The organization of the paper is as follows. Descriptions of the experiment steps are provided in Section 2. Section 3 describes the static temperature model and the results of compensation are shown in Section 4. The dynamic temperature models and results of compensation are described in Section 5. Finally, some conclusions are given in Section 6.

2 Experiment step

The experimental setups and implementation steps should be first considered before the conduct of temperature experiment. The experimental installation diagram is shown in Fig. 1. The whole experiment setup is consisted of 5 sections, the power supply and computer. As shown in Section 1, the rotating disc, which is used to alter the accelerometer input, can be turned in clockwise and counter-clockwise direction. The accuracy of rotating disc is less than 5. The length of rotating disc axis is not greater than 20 cm. The diameter of the rotating disc axis is no more than 10 cm. Therefore, in the vertical direction, the accelerometer centroid fluctuation ranges from 0 to 20 cm. The impact of the gravitational field imposed on the accelerometer is less than 0.031 4 µG. The value is so negligible that it can be ignored. Section 2 describes a thermostat, which is used to change the ambient temperature of accelerometer. The accuracy of the thermostat is less than 0.5µC. Two accelerometers, which are the main objects for the temperature experiment, are installed in Section 3. The relationship between accelerometer output-input values and the temperature is the prime target to research. Near the accelerometer, a temperature sensor named DS18B20 is fixed, shown in Section 4. The sensor is designed to test the temperature of components around accelerometer. Section 5 is designed to collect the output value of temperature sensor and accelerometer. The frequency of collection circuit is greater than 10 Hz. When the high-precision algorithmic compensation of temperature is finished, the coefficients are downloaded to the compensation module of circuit.

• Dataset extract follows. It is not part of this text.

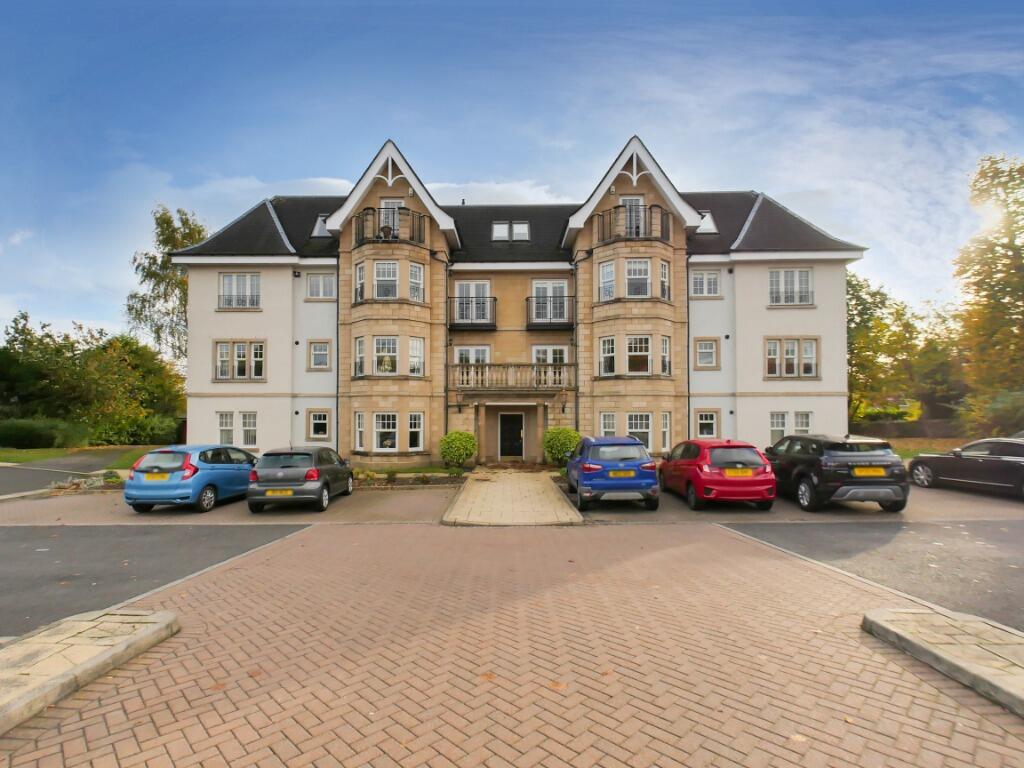 Main image of property: Strathern Road, Broughty Ferry, Dundee, DD5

Then, accelerometer output value can be compensated in time.

Fig. 1
figure 1

Schematic diagram for experimental setup

The experiments used to analyze temperature characteristics of quartz accelerometers can be divided into 2 categories. One is gravity field flip experiment and the other is centrifuge experiment. The 4 points and 8 points, methods are popularly used in gravity field flip experiment. However, the 12 points biaxial orthogonal method is adopted in the paper. Accelerometers are installed on the rotating disc as shown in Fig. 2. Accelerometers A and B are mounted on precision hexahedron. The angle between accelerometers A and B is 90°. When the rotating disc is turned one circle in clockwise or counter-clockwise direction, the accelerometer input ranges from − 1G to 1G. Then, the accelerometers output values are written down. The 12 points include 0°, 30°, 60°, 90°, 120°, 150°, 180°, 210°, 240°, 270°, 300° and 330°. For example, when the accelerometer A is at the point 0°, the accelerometer B is at the point 90°.

Fig. 2
figure 2

Installation axis of accelerometer

The output values at every point (0°, 30°, 60°, 90°, 120°, 150°, 180°, 210°, 240°, 270°, 300° and 330°) are collected by a 24-bit A/D circuit. In clockwise direction, a set of data at each point is acquired as E1j(j = 1, 2, ⋯, 12). In counterclockwise direction, another set of data at each point is acquired as E2j. The average value at every point can be calculated as (2).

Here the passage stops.